Alex Lundry is Vice President and Director of Research for TargetPoint Consulting, a conservative political polling, microtargeting, and knowledge management firm. You can connect with him on Twitter where he expresses his opinions with great clarity so as to avoid confounding CMU's sentiment analysis.
Researchers at Carnegie Mellon have shown that unstructured text data pulled from Twitter can in some instances be used as a reliable substitute for opinion polling (link to study PDF). The results are impressive, and though pollsters needn't start looking for another line of work, I think they ignore this study at their peril.
Using very simple tweet selection mechanisms along with measures of the tweet's sentiment ("Obama's awesome" = approve, "Obama sucks" = disapprove), these researchers were able to:
- extract an alternate measure of consumer confidence that was very highly correlated (r=73.1%) with the standard poll derived confidence metric,
- use this Twitter-derived measure of consumer confidence to accurately forecast the results of the consumer confidence poll, and
- measure President Obama's job approval rating and correlate it with Gallup's daily tracker at a level of r=72.5%.
However, the same methodology failed miserably when it came to the 2008 presidential horse race obtaining a correlation of r=-8% with Obama's level of support in the Gallup tracker.
It seems then that aggregate Twitter sentiment shows great promise as a polling substitute for high volume and relatively binary opinions and attitudes: are you hot or cold on the economy, do you like or dislike the President? But the polynomial nature of items like a campaign horserace or the health care debate makes it difficult to extract meaningful opinions amid a crush of unstructured data.
Yet this is no reason for pollsters to shrug away these results. There is great predictive power hidden away inside this sort of latent data just waiting for the extraction of opinions, attitudes and trends in voter sentiment. Pollsters would be wise to begin incorporating these data into their work: analyzing Google Trends search data, counting Facebook friends, YouTube views and web traffic, or simply doing more with the rich verbatim data we typically capture in our surveys and focus groups. (And it's not just politics where this is applicable; tweet volume and sentiment have also been shown to be an incredibly accurate predictor of a movie's box office returns).
This study also highlights a debate the polling community must have sooner or later: can the shortcomings of dirty data be overcome by a mix of sheer volume, sound data preparation/manipulation and savvy analysis? In this new era of IVR, online panels, social media and big data, the answer is increasingly pointing to yes - especially when you consider the advantages of speed, cost and access that these non-traditional data collection methods enjoy.

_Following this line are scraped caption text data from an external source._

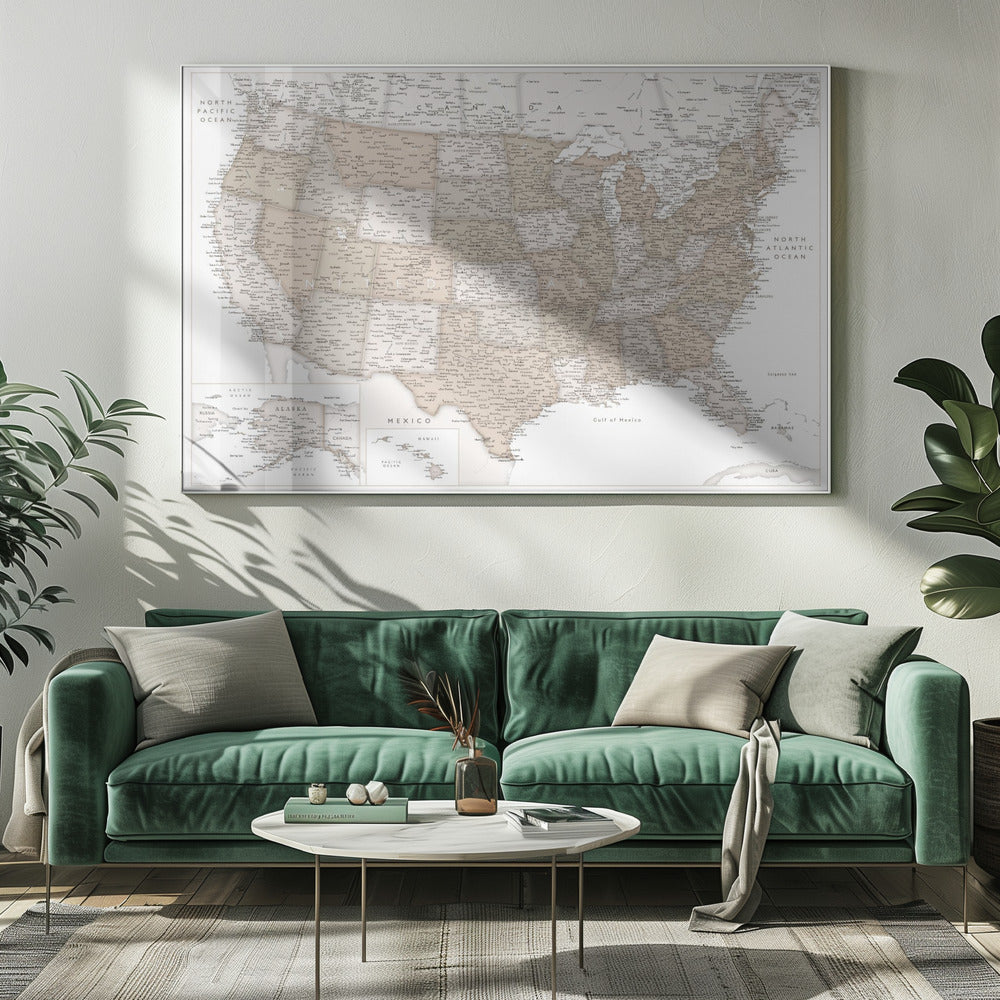 Highly detailed map of the United States, Louie Poster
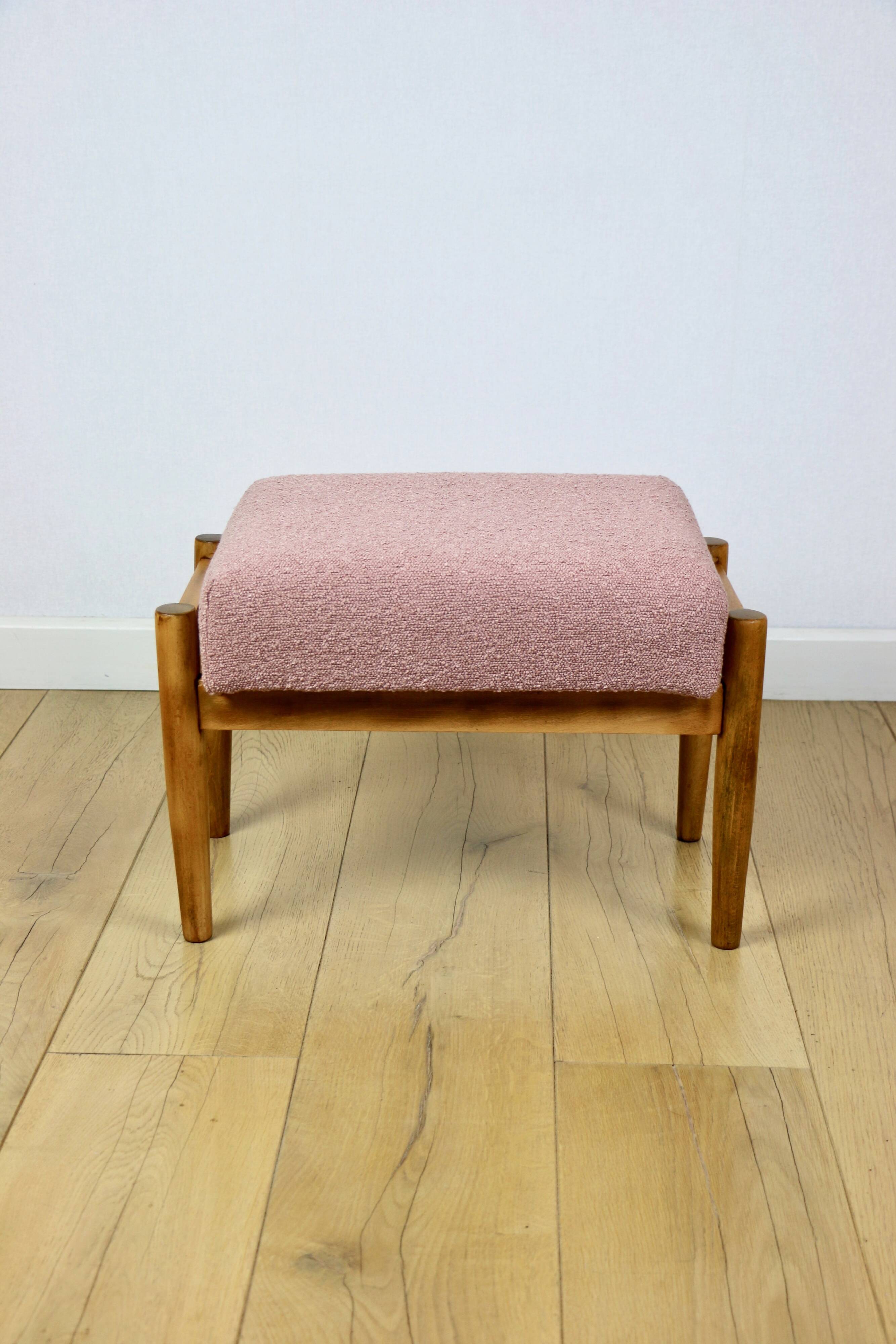Edmund Homa stool pink boucle seat
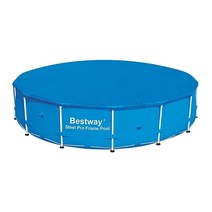 Bestway Flowclear PVC 원형 3m(10피트) 수영장 커버 배수 구멍 및 안전한 타이 다운 로프가 있는 지상 프레임 풀용 블랙 (커버만 해당) 430207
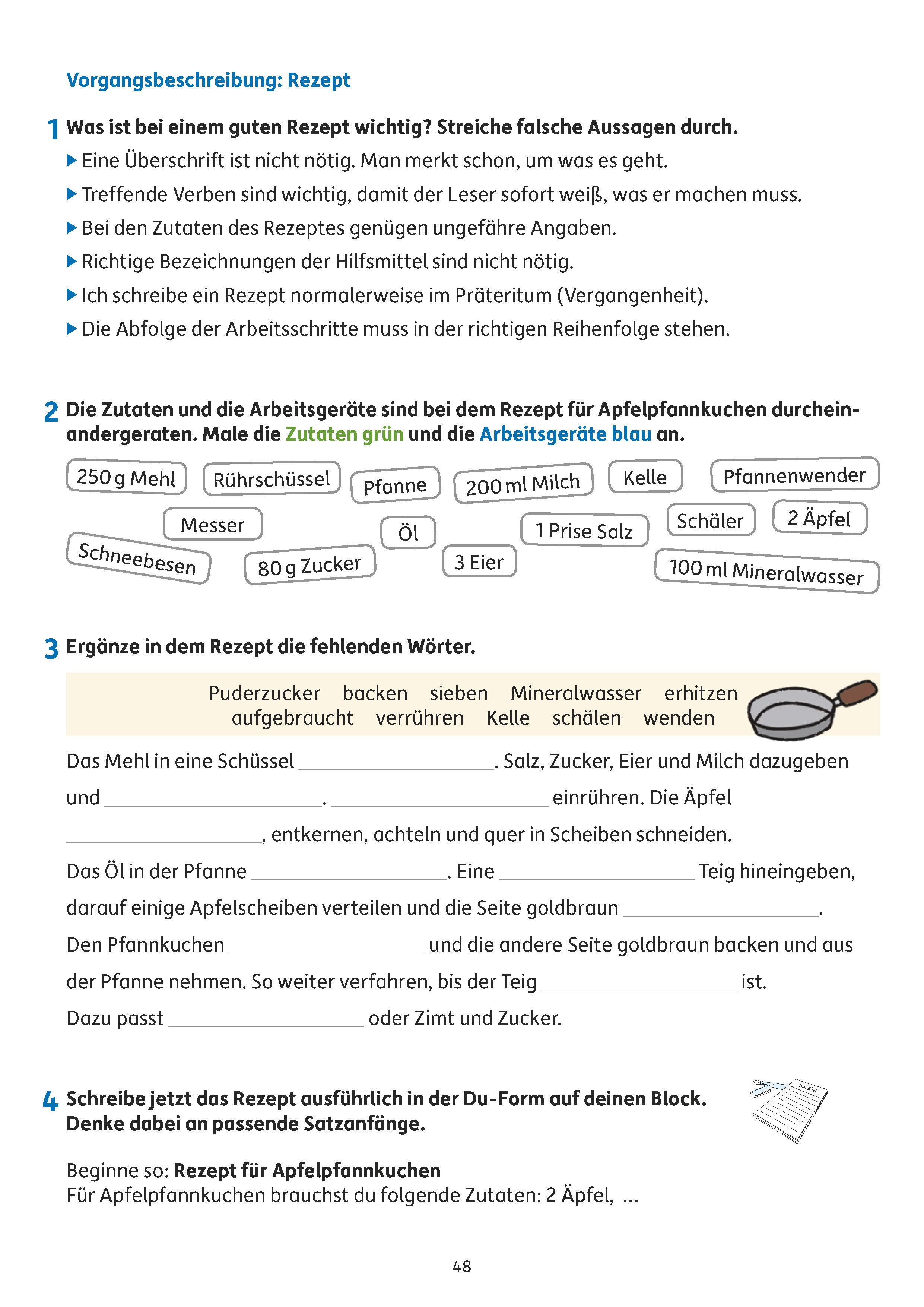 Beispielinhalt (Bild) Übungsheft Fit zum Übertritt - Tests in Deutsch 4. Klasse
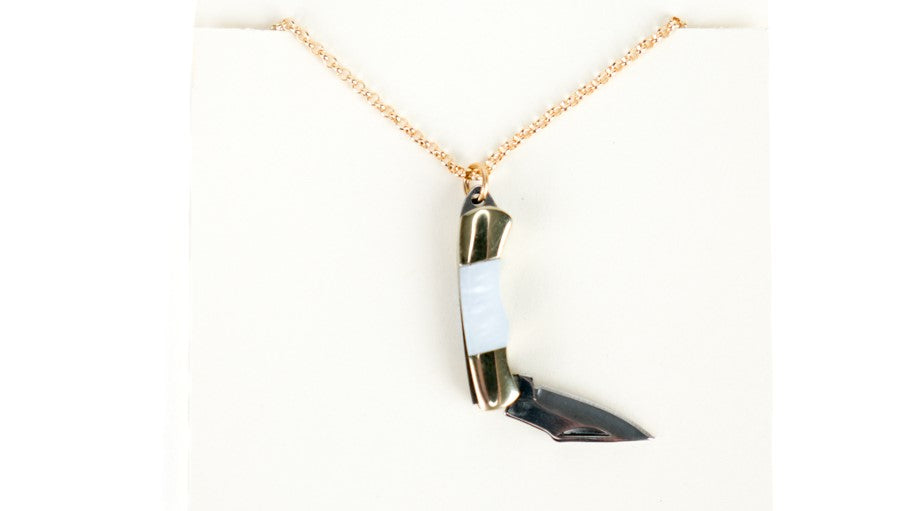 Aliza Necklace-Sm Folding Knife w/14K Gold Fill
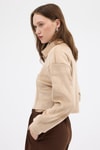 Kadın Sweatshirt-Vizon Kadın Peluş Yarım Fermuarlı Crop Sweatshirt 3056A-rulem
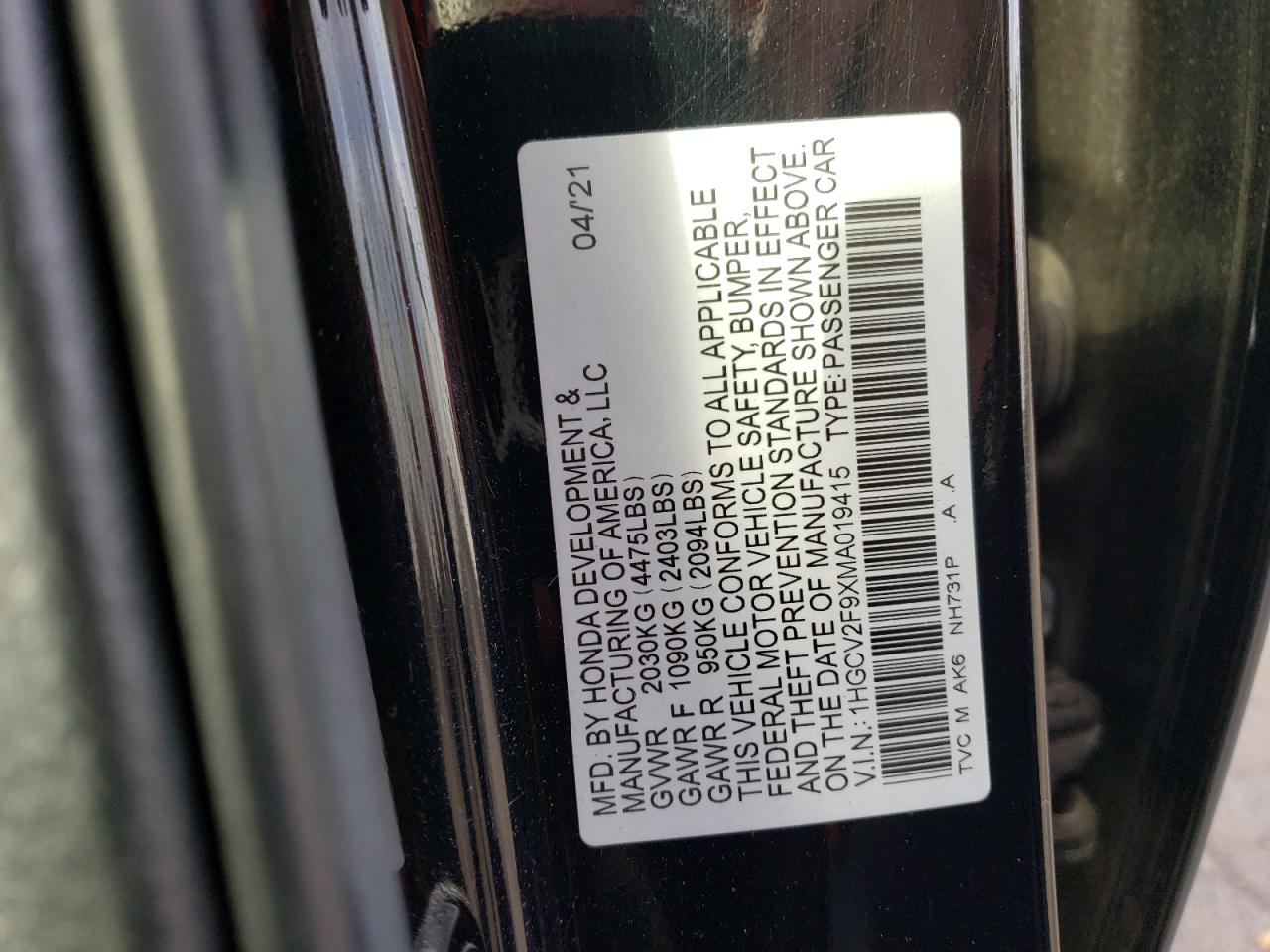 2021 Honda Accord Touring VIN: 1HGCV2F9XMA019415 Lot: 83937205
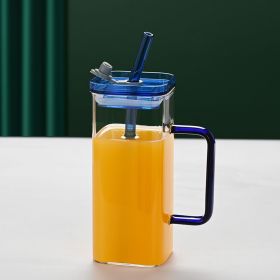 1 Pcs Blue Glass Straw Cup, 6 Colors Square Glass Cup With Straw And Lid, High Borosilicate Glass Cup, Milk Cup, Juice Cup, Cold Drink Cup, Coffe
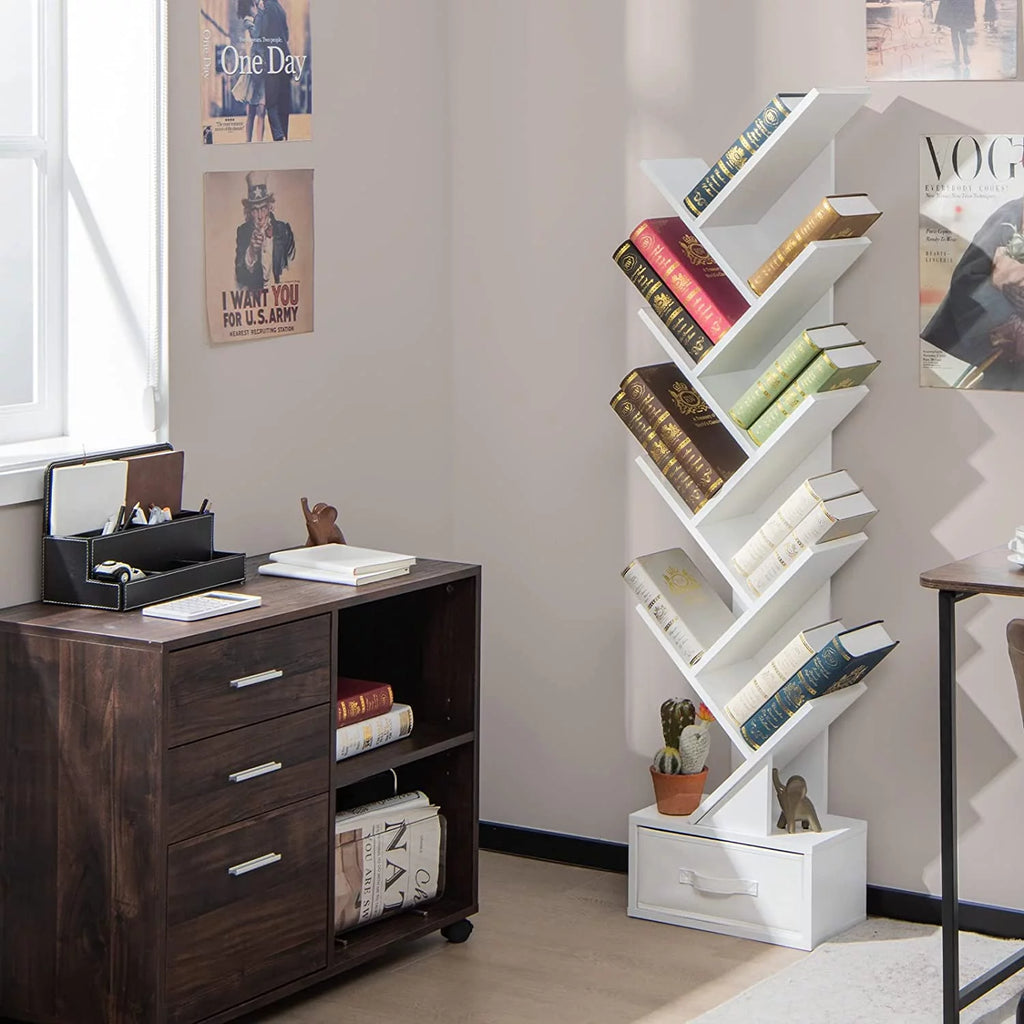 White Wooden Bookcase with Drawer, 10 Shelves H3966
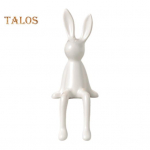 Keraminė zuikučio figūrėlė, sėdinio zuikio skulptūra, minimalistinė zuikučio statulėlė ant stalvir&scaron;io, stalo, knygų lentynos, namų baro, biuro dekoravimui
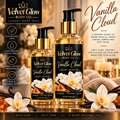 Velvet Glow Body Co. Vanilla Cloud luxury body oil in 2 oz and 4 oz bottles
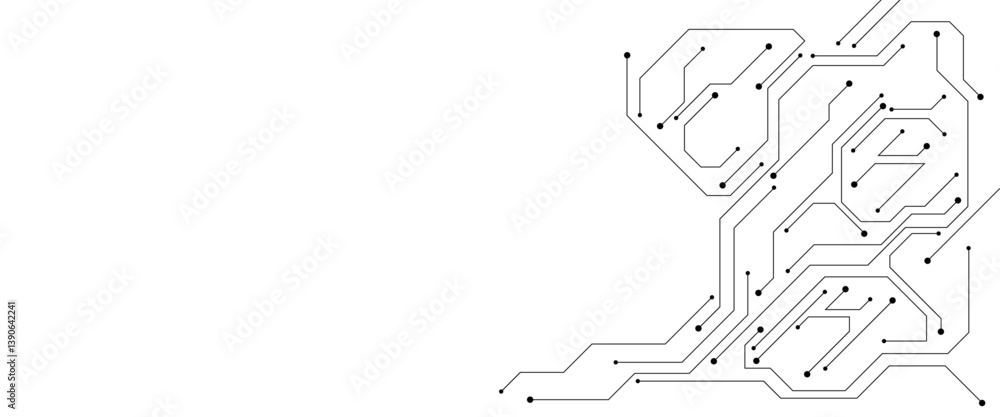 Poster Vector Technology black circuit diagram concept. Abstract technology on white background. High-tech circuit board.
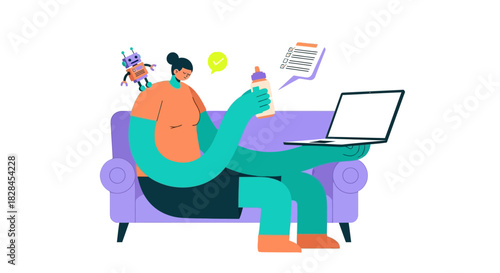 Modern Working Mother Balancing Parenting and Remote Work Using AI and Automation Technology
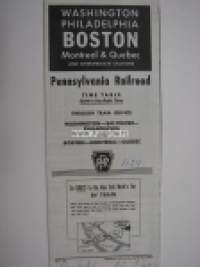 Washington-Philadelphia-Boston Pennsylvania Railroad -aikataulu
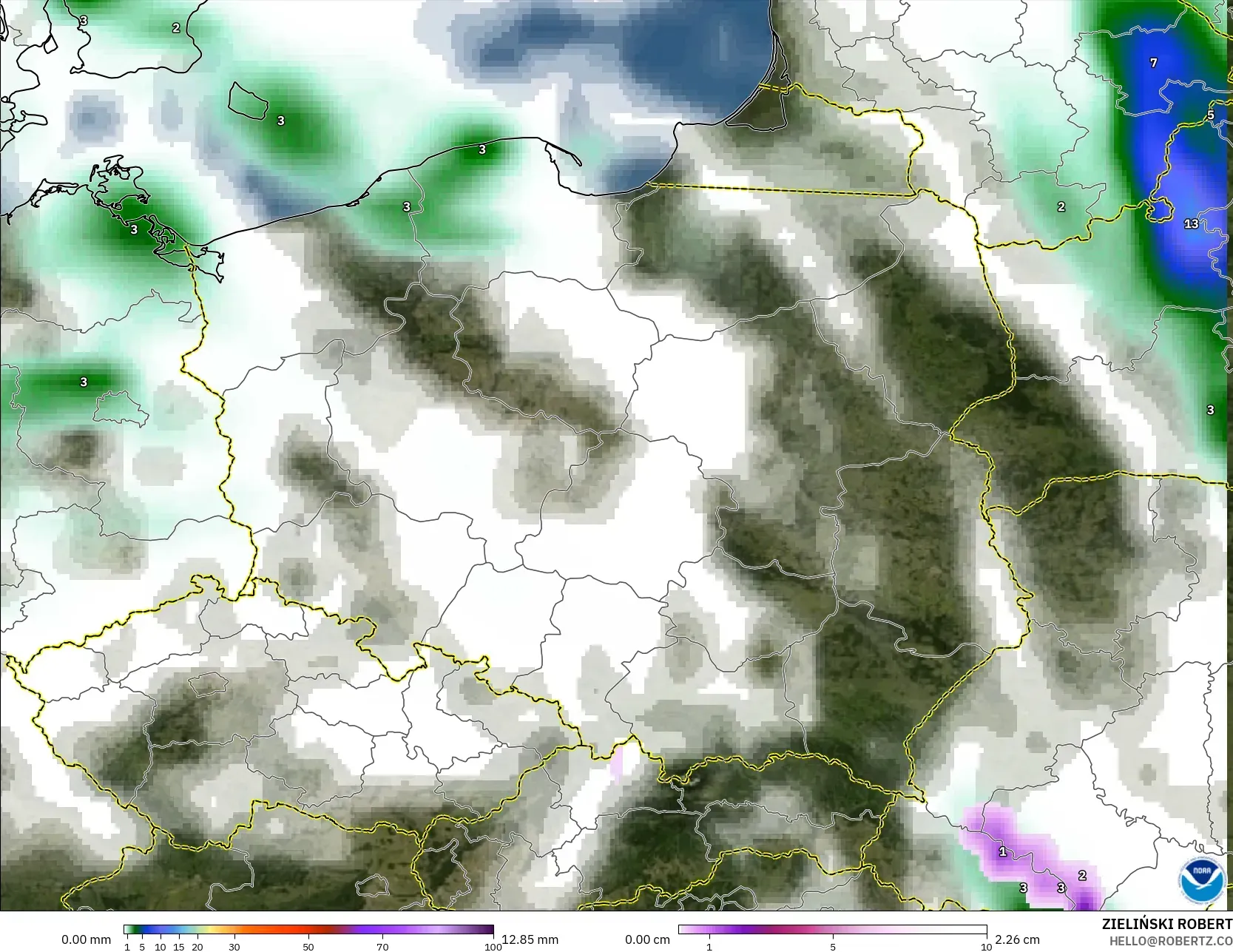 GFS model - Poland, Precipitation, Clouds, and Pressure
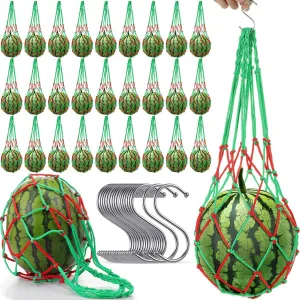Irenare 30 Pack Melon Hammocks Cradles with S Hanging Hooks Heavy Duty Watermelon Hammock Net to Prevent Falling for Growing Cantaloupe Pumpkin Watermelon in Vertical Garden(Green,Red)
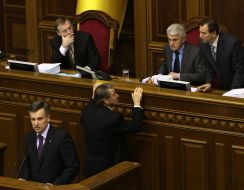 Valentin Nalivaychenko comes forward from the tribune of parliament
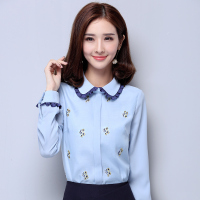 欧昵雪百搭蓝色精美碎花绣花衬衫娃娃领长袖雪纺上衣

Finally, it's worth taking a moment to consider just how stunningly impressive these results are. What level of precision might there have been with a more sophisticated methodology? Tweets were selected for study based merely upon the presence of a single word - imagine the accuracy if selection allowed for the use of synonyms, alternate spellings or Boolean operators. Moreover, as the researchers themselves point out, there were no geographical restrictions and no consideration of either online idioms or the practice of retweeting.
This is an exciting, important study, and the polling community should be taking it very seriously. It is well worth your time to read the whole thing, and I'm very curious to hear your take on it in the comments section below.